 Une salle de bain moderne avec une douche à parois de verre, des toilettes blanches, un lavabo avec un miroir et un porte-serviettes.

-*-*-

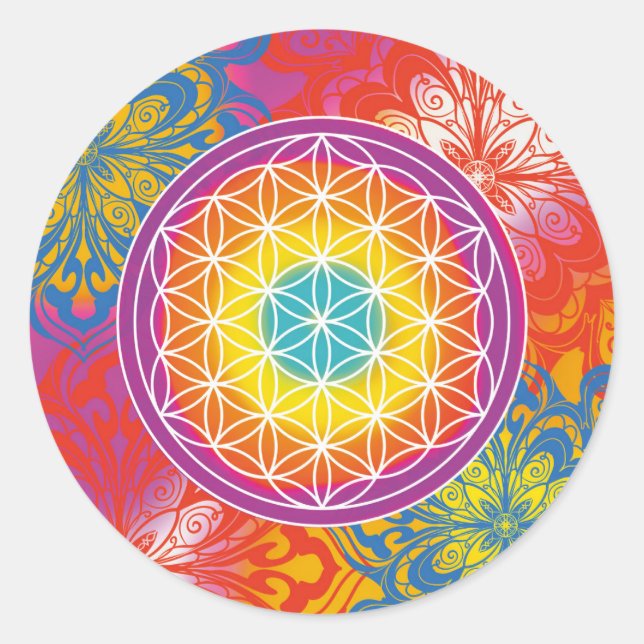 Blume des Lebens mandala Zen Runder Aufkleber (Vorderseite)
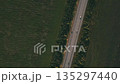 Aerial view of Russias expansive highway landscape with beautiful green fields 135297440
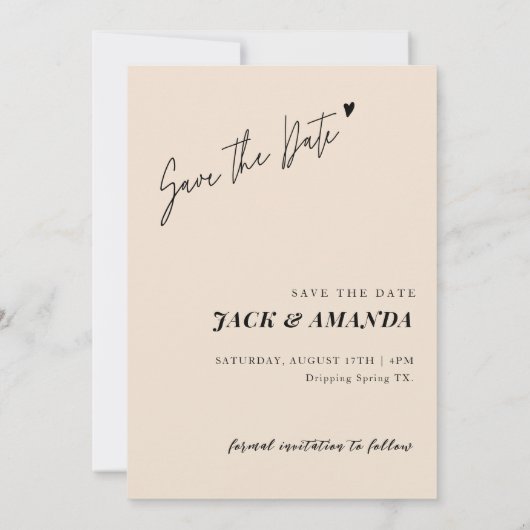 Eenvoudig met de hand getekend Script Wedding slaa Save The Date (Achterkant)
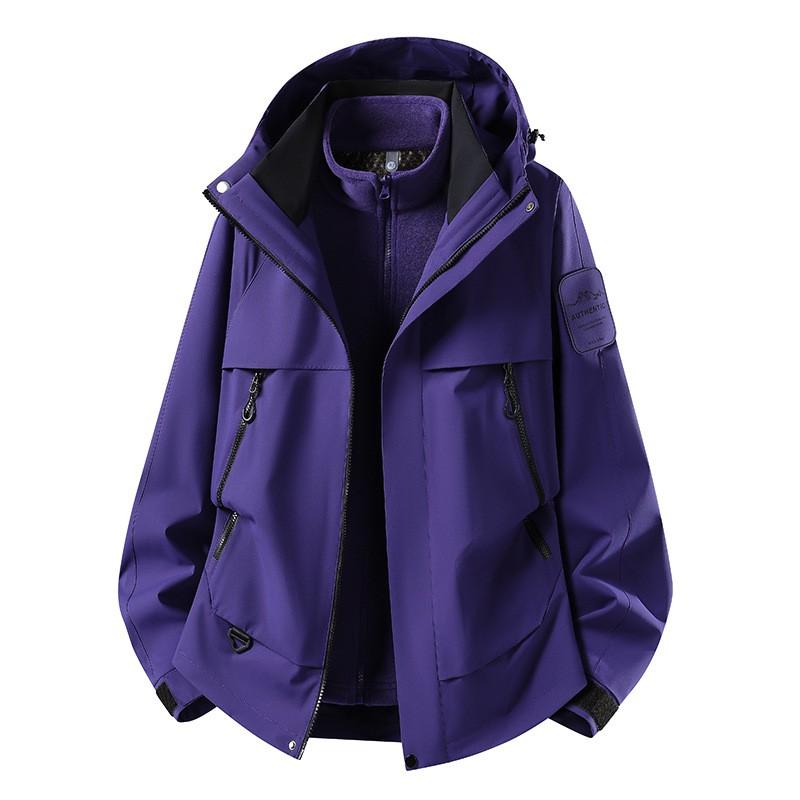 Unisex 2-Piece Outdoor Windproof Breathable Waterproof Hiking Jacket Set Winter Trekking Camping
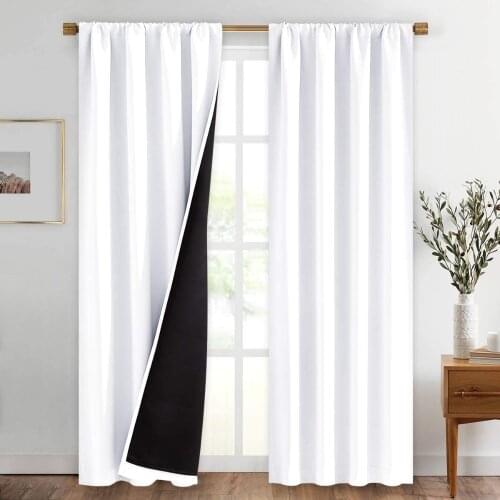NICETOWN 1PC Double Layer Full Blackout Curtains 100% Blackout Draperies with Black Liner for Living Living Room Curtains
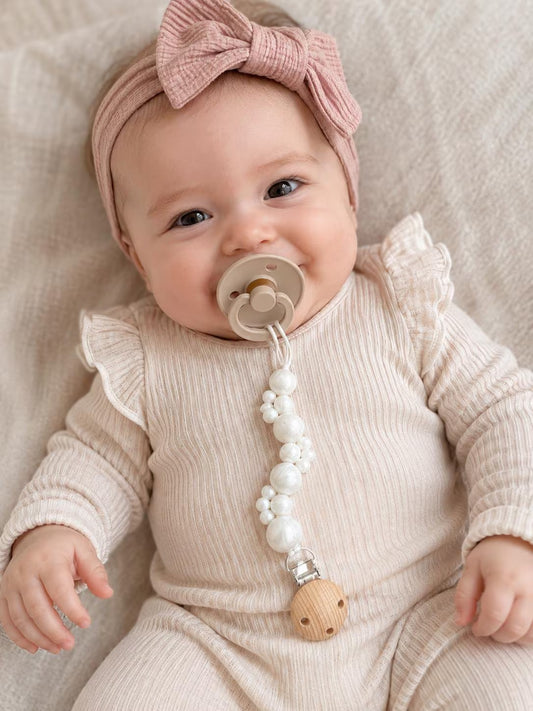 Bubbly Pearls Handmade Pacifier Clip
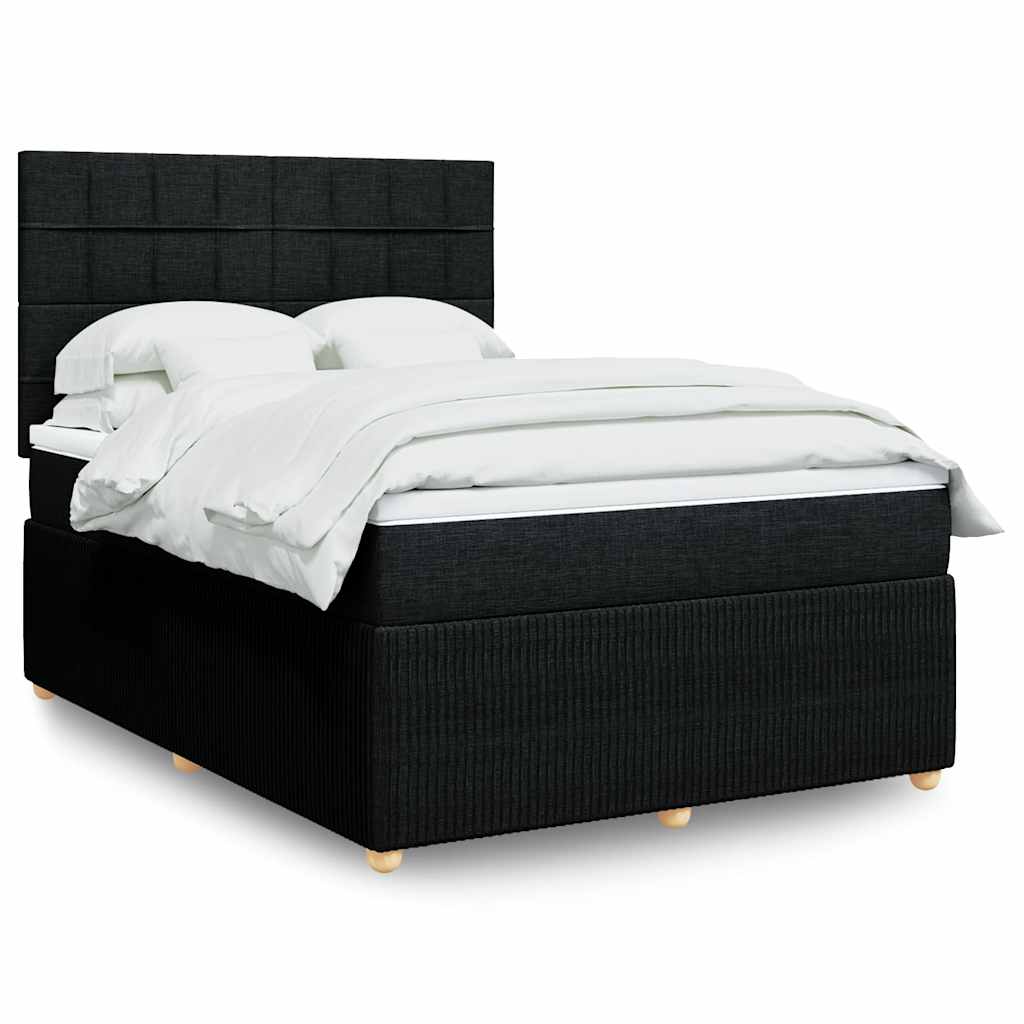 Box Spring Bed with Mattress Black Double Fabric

-*-*-

With the pictures left out, write out exactly the lines above from the one containing "Aerial view of" through the one containing "NICETOWN 1PC Double".

 Aerial view of Russias expansive highway landscape with beautiful green fields 135297440
 Eenvoudig met de hand getekend Script Wedding slaa Save The Date (Achterkant)
 Unisex 2-Piece Outdoor Windproof Breathable Waterproof Hiking Jacket Set Winter Trekking Camping
NICETOWN 1PC Double Layer Full Blackout Curtains 100% Blackout Draperies with Black Liner for Living Living Room Curtains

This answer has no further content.